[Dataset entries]
== == ==
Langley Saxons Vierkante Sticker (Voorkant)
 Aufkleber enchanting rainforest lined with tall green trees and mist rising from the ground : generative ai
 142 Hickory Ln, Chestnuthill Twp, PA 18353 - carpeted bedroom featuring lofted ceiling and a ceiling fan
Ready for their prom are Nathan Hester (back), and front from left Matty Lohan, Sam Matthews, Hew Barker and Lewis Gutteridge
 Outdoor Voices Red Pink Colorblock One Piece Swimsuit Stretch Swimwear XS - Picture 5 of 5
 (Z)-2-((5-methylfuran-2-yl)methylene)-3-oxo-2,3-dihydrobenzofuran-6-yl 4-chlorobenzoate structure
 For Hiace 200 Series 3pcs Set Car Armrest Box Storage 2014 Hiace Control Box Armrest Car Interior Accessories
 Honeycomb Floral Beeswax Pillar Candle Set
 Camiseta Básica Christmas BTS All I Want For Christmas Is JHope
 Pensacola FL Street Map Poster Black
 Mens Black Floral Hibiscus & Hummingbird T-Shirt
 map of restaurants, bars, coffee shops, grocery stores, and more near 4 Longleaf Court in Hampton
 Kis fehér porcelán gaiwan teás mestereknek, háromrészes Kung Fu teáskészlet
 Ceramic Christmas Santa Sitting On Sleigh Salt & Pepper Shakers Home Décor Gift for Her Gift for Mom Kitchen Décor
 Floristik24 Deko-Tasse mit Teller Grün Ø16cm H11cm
== == ==
### DIRECTIONS:
Report all lines in the records that include the string "from".

### SOLUTION FOR THIS EXERCISE:
 Aufkleber enchanting rainforest lined with tall green trees and mist rising from the ground : generative ai
Ready for their prom are Nathan Hester (back), and front from left Matty Lohan, Sam Matthews, Hew Barker and Lewis Gutteridge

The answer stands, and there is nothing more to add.